As for the U.S. Attorney’s Office in St. Louis, a woman there directed questions to the Justice Department after saying, “I know you’re probably reading a Post-Dispatch story, but I don’t know where they’re getting that from.”
Mark Raimondi, the Justice spokesman referred to by both U.S. Attorney’s Office and the local branch of the FBI, didn’t respond to a request for comment. So, we’re left with the information contained in Baldwin and Davis’s indictment. It’s not even clear how they unlawfully tried to buy two pistols from a Cabela’s in Hazelwood. Everything else is pure speculation and the promulgation of fear.

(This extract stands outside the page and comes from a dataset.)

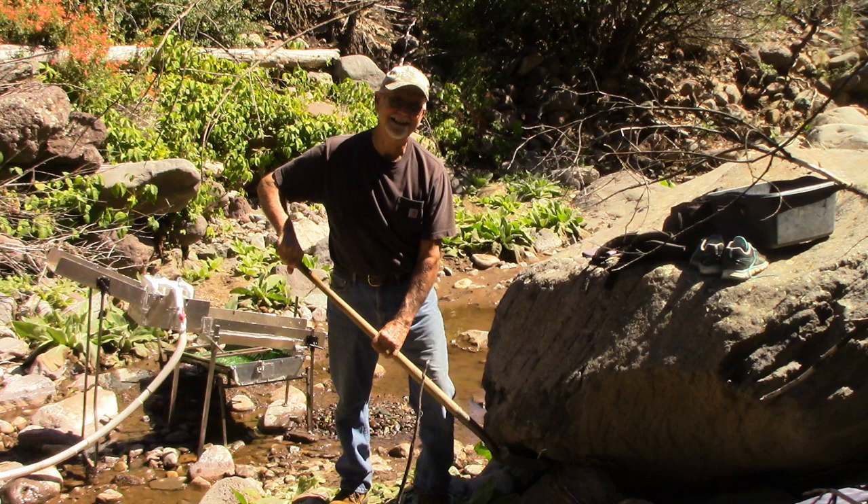Right about here I got to feeling pretty poorly so we packed it up for the day, so I'm not going to get to show you much gold. Absolutely none.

None of which is surprising to Hampton Jr., who, despite his lack of affiliation with the New Black Panther Party, shares a similar mindset with Davis.

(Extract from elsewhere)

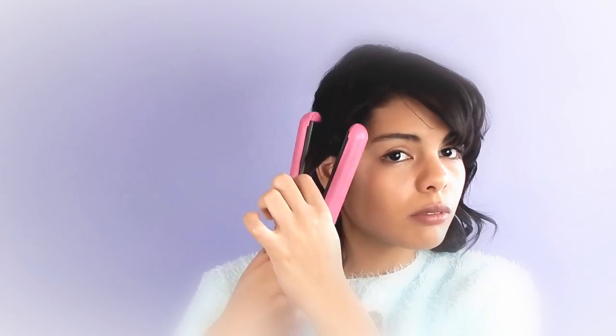Lastly, I curl the hair framing my face into little tendrils. Finish off with your favorite hairspray.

“When they refused to indict Darren Wilson, when they refused to indict the cop in New York who killed Eric Garner—this is the norm in our community,” Hampton Jr. said. “We’re the OVs, the original victims of terrorism.”

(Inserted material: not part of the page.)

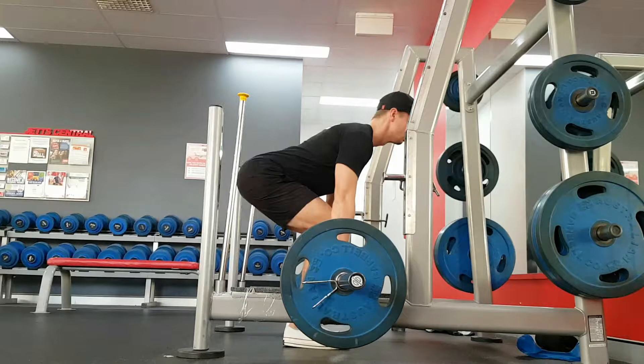Next, you want to make sure that you've got a nice neutral spine. To help with this, I normally think about sticking my backside out and sticking my chest out.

Davis, whose name has now been associated with an act of domestic terrorism that not only never happened, but may never have been in the works, doesn’t appear to be an officially sanctioned representative of the New Black Panthers. And his lone-wolf status may never be more apparent than at the bottom of his legal notice to Ferguson Mayor James Knowles. Davis signed the document himself, and included space for 21 witnesses to the decree.
Every one of them is blank.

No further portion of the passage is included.